‘Dual’ a sadly insubstantial sci-fi satire

Dual's pacing feels both uneventful and rushed, according to Seth Lukas Hynes.

By Seth Lukas Hynes

Dual

Starring Karen Gillan, Karen Gillan and Aaron Paul

Rated M

3/5

Dual is a sadly insubstantial sci-fi satire.

Sarah (Karen Gillan), a terminally ill woman, has herself cloned to spare her family the pain of losing her, but when she unexpectedly recovers, Sarah must duel her double to the death.

Dual has an intriguing first act, with a short but tense action opener and efficient exposition establishing Sarah’s illness, the rules of cloning and the rights of the clone. Sarah and Sarah’s Double have amusing adversarial interplay, as the Double usurps Sarah’s life and proves the more popular of the two. Sarah forms a macabre but endearing friendship with her combat trainer Trent (Aaron Paul). The world-building is subtle and has some clever dark touches, such as Sarah using hip-hop dancing classes to get fit for a death-match and paying alimony-like support payments to her Double, and the climax has a well-executed twist.

But beyond the subversive wit, Dual feels sparse and even tedious.

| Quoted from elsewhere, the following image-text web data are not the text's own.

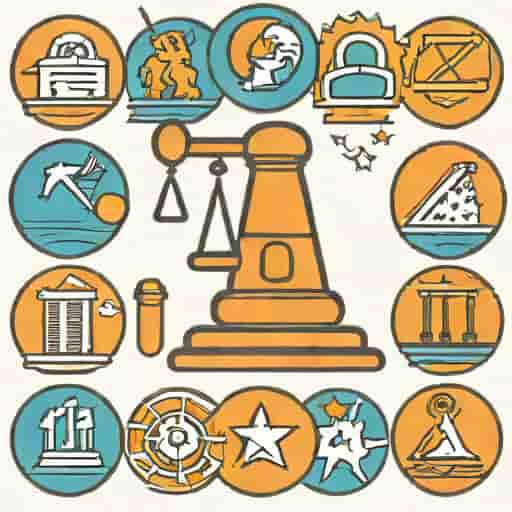 National Human Rights Commission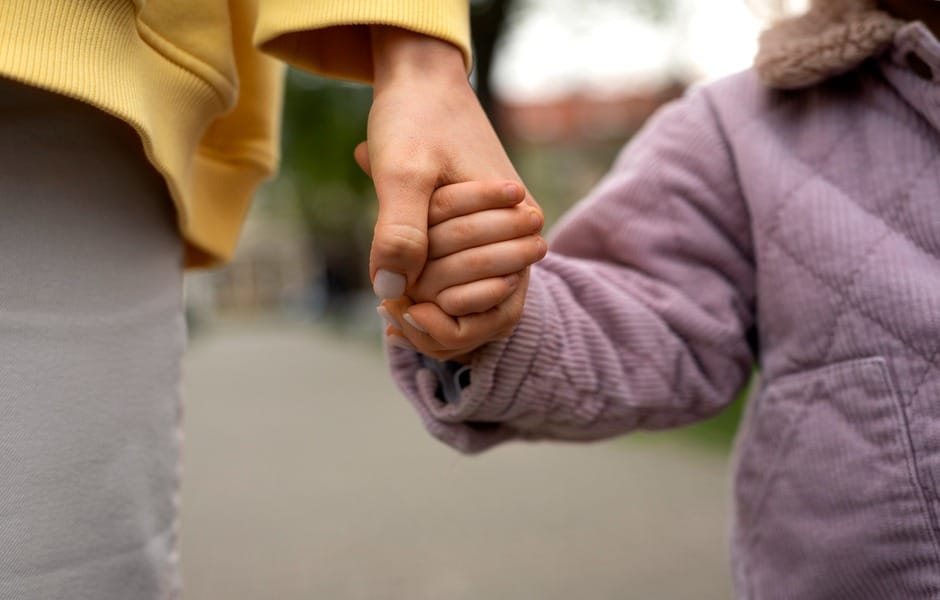 Firmante de la paz logró que la Corte avalara su deseo de saber el paradero de su hijo dado en adopción imagen de la publicación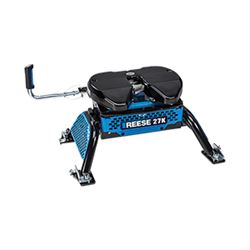 Picture of Reese 30895 M5™ 27K Fifth Wheel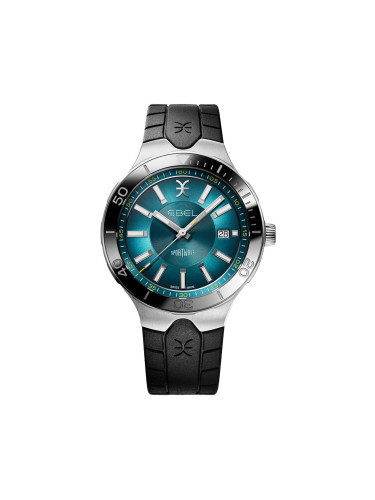 Часовник Ebel 1216672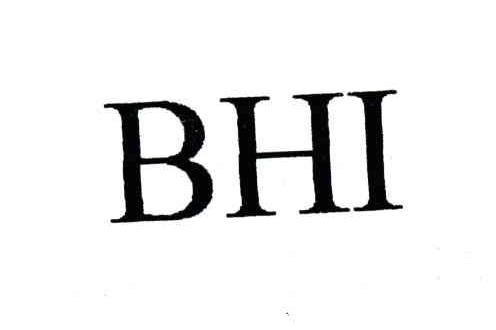 BHI
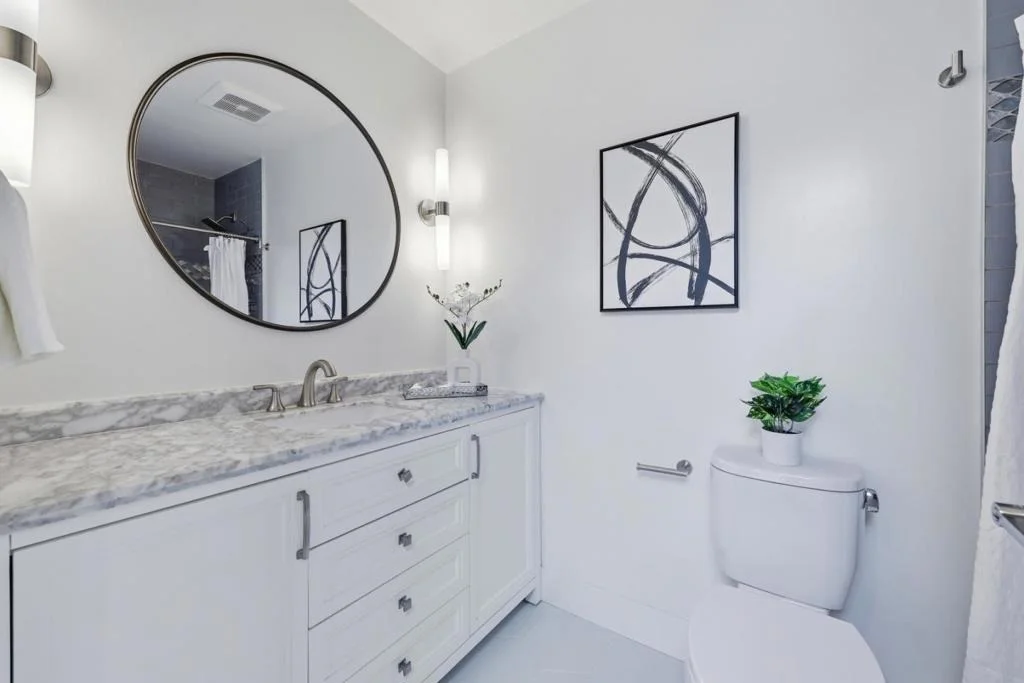 Photo of 1259 Shoal Drive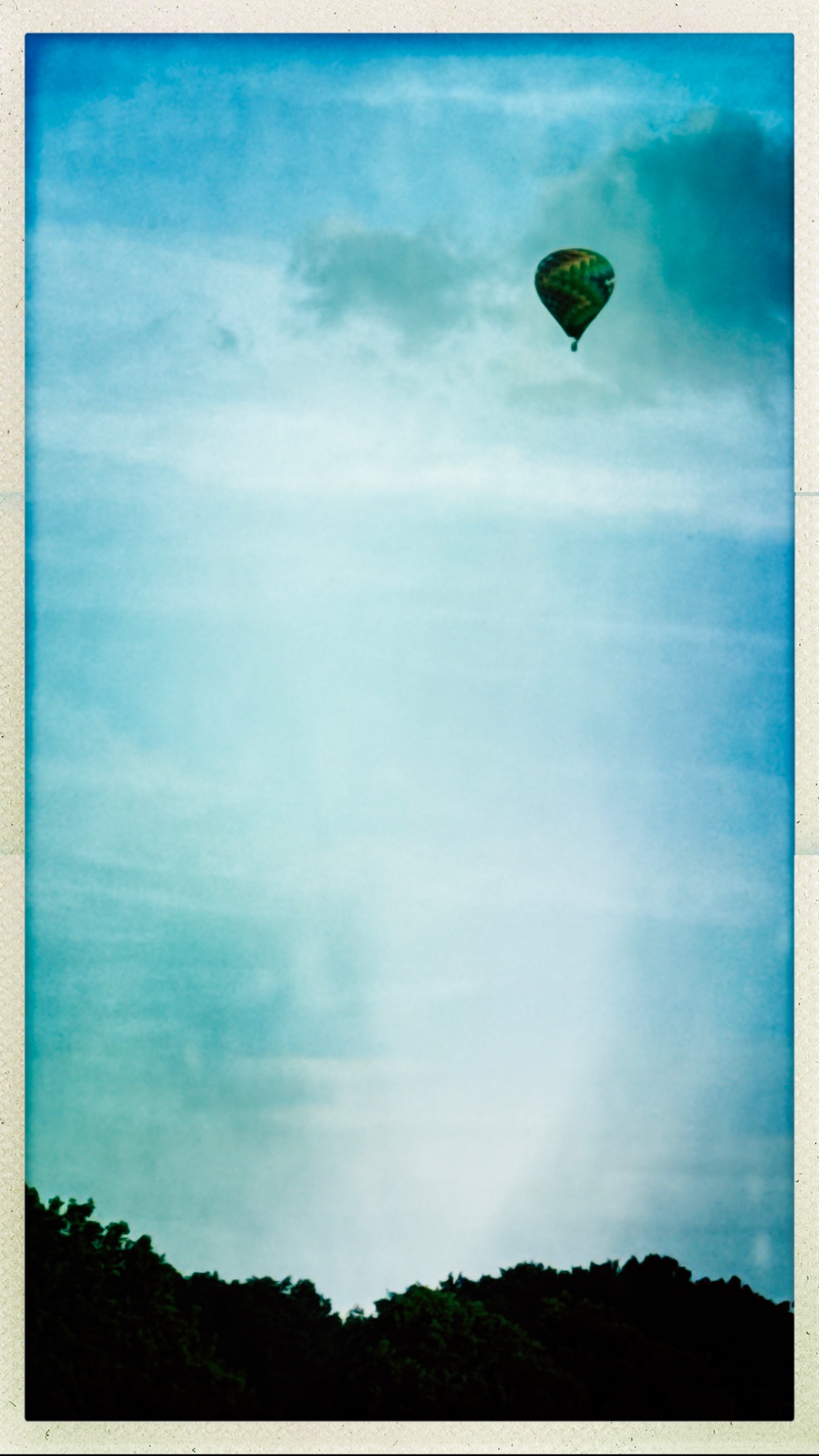 HipstamaticPhoto 771961691.777093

Dual’s pacing somehow feels both uneventful and rushed, brushing over Sarah’s financial troubles and skipping nearly a year of her training with little fanfare, and the performances are witheringly dry. There is an art to delivering an engaging low-key performance (take Daniel Kaluuya in Nope), and dry delivery can throw dark themes into sharper relief, but Dual’s stiff, deadpan acting and extremely descriptive dialogue feel very artificial.

For a superior film about a usurping doppelganger, watch Richard Ayoade’s 2013 dark comedy The Double, and for a more suspenseful, inventive satire about a dystopia with a specific quirk, watch Yorgos Lanthimos’s 2015 film The Lobster.